Liputan6.com, Jakarta - Mantan Pimpinan Komisi Pemberantasan Korupsi (KPK) Busyro Muqoddas menyesalkan sikap Presiden Joko Widodo yang tak mengikuti saran masyarakat terkait pembentukan tim gabungan pencari fakta (TGPF) independen dalam menangani kasus penyerangan air keras terhadap penyidik KPK Novel Baswedan.
Busyro menyatakan, TGPF independen terdiri dari berbagai unsur, yakni Polri, KPK, Komisi Nasional Hak Asasi Manusia (Komnas HAM), dan masyarakat sipil.
Lantaran tak ada pembentukan TGPF independen, Busyro menilai penegakan hukum dalam kasus Novel Baswedan jadi terbengkalai. Sebab, Presiden menyerahkan sepenuhnya penanganan kasus teror ini kepada Polri.
Advertisement
Lantaran hal tersebut, Busyro mengatakan terdapat banyak kejanggalan dalam proses peradilan kasus Novel. Dua terdakwa adalah anggota Polri, disidik oleh anggota Polri, dan dibela serta dicarikan pengacara oleh tim Polri.
"Ada kejanggalan dalam peradilan sekarang, terdakwa anggota aktif Polri, disidik Polri, dibela, dicarikan pembela dan unsur pembela dari Polri. Nalar hukum seperti apa, apakah ini nalar hukum Pancasila? Polri yang proses, Polri yang sediakan pengacara," kata Busyro dalam diskusi, Jumat (19/6/2020).
Dia juga mengatakan ada kejanggalan besar dalam peradilan di Pengadilan Negeri Jakarta Utara. Hal in mengenai dakwaan penuntut umum yang menyebut bahan kimia yang disiram ke wajah Novel adalah air aki, bukan air keras.
Selain itu, terdapat saksi kunci yang tak dihadirkan dalam persidangan, padahal saksi kunci tersebut telah menjalani pemeriksaan dalam proses penyidikan.
"Hasil Komnas HAM dicampakkan dan berujung pada tuntutan jaksa hanya satu tahun dengan catatan jaksa ini wakil negara di bawah Jaksa Agung, dan Jaksa Agung di bawah Presiden, kata dia.
Untuk itu, Busyro menyimpulkan dari kejanggalan tersebut, teror terhadap Novel Naswedan dan institusi KPK adalah indikator dominannya oligarki bisnis dan politik.
"Berdasarkan fakta maka saya teruskan, bahwa teror terhadap KPK maupun Novel Baswedan merupakan indikator merupakan tanda semakin jelas semakin dominannya para dominator oligarki bisnis dan politik," kata dia.
Saksikan video pilihan di bawah ini:
Istana: Presiden Tak Bisa Intervensi Persidangan Kasus Novel Baswedan
Sementara itu, Juru Bicara Presiden Bidang Hukum Dini Shanti Purwono menegaskan, Presiden Jokowi tetap berkomitmen kuat pada hukum di Indonesia.
"Komitmen Presiden tetap sama dan terhadap penegakan hukum tidak berubah.
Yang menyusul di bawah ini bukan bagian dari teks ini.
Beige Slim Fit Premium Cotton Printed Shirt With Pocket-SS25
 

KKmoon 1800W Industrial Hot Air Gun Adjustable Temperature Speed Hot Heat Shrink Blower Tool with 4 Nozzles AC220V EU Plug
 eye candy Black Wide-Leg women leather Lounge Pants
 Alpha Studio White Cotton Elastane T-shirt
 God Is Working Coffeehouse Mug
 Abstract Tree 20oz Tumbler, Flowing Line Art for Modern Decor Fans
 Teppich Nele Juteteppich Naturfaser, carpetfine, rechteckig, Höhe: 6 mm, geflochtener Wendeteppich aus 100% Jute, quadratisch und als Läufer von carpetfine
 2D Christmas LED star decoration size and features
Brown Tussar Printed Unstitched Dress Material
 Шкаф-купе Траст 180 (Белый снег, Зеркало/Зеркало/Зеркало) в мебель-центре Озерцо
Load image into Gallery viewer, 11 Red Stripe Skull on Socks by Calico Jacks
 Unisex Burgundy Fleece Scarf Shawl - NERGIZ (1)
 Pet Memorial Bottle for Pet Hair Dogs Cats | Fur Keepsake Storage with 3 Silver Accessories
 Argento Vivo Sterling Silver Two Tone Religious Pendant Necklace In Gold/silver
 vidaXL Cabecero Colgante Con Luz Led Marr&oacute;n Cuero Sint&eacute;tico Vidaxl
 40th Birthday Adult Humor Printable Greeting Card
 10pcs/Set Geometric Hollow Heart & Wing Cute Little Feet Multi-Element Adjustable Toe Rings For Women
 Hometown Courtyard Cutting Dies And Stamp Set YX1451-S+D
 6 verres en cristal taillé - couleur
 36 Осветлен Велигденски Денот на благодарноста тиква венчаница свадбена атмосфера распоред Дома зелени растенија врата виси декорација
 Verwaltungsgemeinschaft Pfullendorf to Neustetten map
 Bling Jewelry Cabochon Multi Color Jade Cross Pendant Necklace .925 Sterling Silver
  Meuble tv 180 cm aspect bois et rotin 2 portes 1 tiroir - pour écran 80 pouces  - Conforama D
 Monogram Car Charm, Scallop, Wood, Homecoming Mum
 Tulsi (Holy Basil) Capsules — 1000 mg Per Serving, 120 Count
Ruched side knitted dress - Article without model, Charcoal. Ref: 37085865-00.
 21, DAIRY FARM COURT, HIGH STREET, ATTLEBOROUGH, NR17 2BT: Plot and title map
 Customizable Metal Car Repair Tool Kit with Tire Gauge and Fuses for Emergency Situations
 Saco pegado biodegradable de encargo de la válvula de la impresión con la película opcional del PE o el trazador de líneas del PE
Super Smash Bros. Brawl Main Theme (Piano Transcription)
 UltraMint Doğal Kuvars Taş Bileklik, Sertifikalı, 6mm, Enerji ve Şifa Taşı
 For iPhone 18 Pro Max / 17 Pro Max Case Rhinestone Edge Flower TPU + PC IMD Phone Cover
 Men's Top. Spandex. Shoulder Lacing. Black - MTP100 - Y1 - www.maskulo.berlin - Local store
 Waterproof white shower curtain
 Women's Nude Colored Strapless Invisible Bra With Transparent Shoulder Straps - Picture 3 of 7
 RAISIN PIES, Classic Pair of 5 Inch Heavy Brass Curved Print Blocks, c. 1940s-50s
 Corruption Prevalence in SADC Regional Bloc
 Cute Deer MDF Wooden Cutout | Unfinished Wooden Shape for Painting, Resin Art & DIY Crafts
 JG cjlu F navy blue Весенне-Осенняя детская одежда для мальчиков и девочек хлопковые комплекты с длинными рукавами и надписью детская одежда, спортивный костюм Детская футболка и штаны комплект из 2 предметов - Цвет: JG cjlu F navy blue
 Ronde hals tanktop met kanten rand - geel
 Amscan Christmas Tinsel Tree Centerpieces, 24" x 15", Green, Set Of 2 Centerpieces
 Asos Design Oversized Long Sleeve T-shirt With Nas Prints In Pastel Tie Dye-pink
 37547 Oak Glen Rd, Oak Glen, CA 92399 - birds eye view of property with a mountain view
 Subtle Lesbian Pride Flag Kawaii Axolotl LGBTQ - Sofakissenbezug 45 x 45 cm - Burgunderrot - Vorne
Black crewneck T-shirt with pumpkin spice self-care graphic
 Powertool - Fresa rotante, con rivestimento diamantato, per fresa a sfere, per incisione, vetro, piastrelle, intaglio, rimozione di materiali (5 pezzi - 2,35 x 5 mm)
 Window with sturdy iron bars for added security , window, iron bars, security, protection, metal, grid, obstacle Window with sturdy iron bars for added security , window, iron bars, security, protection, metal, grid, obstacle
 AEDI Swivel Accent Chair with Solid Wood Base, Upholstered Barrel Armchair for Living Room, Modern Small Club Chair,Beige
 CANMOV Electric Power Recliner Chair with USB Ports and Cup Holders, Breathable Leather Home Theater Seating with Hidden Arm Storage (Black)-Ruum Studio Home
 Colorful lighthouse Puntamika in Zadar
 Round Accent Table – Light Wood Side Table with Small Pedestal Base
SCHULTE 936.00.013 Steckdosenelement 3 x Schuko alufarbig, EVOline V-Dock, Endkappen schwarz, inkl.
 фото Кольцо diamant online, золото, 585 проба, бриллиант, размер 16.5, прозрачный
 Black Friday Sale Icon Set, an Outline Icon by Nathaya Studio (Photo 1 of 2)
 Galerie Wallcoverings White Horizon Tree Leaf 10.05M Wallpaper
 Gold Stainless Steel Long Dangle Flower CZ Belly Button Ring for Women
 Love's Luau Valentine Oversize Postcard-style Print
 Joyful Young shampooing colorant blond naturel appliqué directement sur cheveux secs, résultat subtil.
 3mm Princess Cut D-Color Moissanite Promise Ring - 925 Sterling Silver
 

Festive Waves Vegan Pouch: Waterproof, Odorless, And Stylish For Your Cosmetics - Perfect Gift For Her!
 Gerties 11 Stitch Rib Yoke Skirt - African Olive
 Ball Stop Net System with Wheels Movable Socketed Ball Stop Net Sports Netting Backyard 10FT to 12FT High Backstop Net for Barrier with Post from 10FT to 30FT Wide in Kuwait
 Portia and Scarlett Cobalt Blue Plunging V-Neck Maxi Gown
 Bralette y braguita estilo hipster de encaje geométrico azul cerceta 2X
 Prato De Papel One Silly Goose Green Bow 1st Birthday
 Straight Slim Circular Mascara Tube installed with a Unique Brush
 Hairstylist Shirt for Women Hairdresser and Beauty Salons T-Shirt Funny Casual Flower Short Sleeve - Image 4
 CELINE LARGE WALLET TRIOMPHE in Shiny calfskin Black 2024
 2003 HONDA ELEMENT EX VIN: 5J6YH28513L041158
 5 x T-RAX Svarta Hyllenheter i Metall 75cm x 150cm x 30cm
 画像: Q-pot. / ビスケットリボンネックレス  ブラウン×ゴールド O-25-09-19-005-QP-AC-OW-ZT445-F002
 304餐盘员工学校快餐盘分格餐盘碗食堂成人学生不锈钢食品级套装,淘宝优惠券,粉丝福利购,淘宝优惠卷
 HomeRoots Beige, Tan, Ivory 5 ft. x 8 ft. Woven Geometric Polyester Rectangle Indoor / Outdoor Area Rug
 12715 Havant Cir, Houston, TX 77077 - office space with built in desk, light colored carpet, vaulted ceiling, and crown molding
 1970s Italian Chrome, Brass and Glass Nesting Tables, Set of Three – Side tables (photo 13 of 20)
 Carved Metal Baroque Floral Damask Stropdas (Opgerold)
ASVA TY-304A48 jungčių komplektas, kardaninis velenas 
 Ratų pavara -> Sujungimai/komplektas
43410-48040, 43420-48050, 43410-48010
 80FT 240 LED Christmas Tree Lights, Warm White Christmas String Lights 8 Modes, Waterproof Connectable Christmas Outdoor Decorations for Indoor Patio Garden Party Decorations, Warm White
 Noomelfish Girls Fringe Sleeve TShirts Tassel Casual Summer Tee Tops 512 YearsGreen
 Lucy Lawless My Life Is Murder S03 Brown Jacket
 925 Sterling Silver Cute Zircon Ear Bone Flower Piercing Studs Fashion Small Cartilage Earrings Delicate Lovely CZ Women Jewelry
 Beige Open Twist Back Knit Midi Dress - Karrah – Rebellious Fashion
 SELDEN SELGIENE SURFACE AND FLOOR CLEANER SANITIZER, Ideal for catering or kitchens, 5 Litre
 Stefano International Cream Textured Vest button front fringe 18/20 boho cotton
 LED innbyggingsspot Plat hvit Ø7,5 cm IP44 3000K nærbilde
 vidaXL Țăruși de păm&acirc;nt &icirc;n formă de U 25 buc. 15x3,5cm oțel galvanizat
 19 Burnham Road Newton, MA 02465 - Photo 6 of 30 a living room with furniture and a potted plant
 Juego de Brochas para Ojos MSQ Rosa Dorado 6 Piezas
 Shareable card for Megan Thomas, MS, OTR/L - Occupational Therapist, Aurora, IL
Beliau percaya pada independensi lembaga penegakan hukum yang dimiliki negara ini," kata Dini, Kamis 18 Juni 2020.
Komitmen tersebut, kata Dini, ditunjukan saat tahapan penyidikan kasus Novel Baswedan. Saat itu, Jokowi meminta agar Polri bisa melakukan proses penyidikan dilakukan secara serius dan dituntaskan. Tetapi dalam tahap persidangan, Dini menjelaskan Jokowi tidak bisa intervensi.
"Dalam tahap persidangan yang sedang berjalan pada saat ini, harus dipahami bahwa Presiden sebagai eksekutif tidak dapat melakukan intervensi atas kewenangan yudikatif," jelas Dini.
Dia menjelaskan, Jokowi menghormati proses hukum yang saat ini sedang berjalan. Jokowi berharap majelis hakim bisa memutus perkara dengan seadil-adilnya.
"Presiden memiliki harapan dan keyakinan bahwa Majelis Hakim akan memutus perkara Novel Baswedan dengan seadil adilnya," kata Dini.
Dini menambahkan, Jokowi yakin bahwa majelis hakim akan perhatikan dengan cermat pasal-pasal pidana yang didakwakan.
"Keakuratan serta kelengakapan bukti-bukti selama proses pemeriksaan, sehingga rasa keadilan dapat terpenuhi," jelas Dini.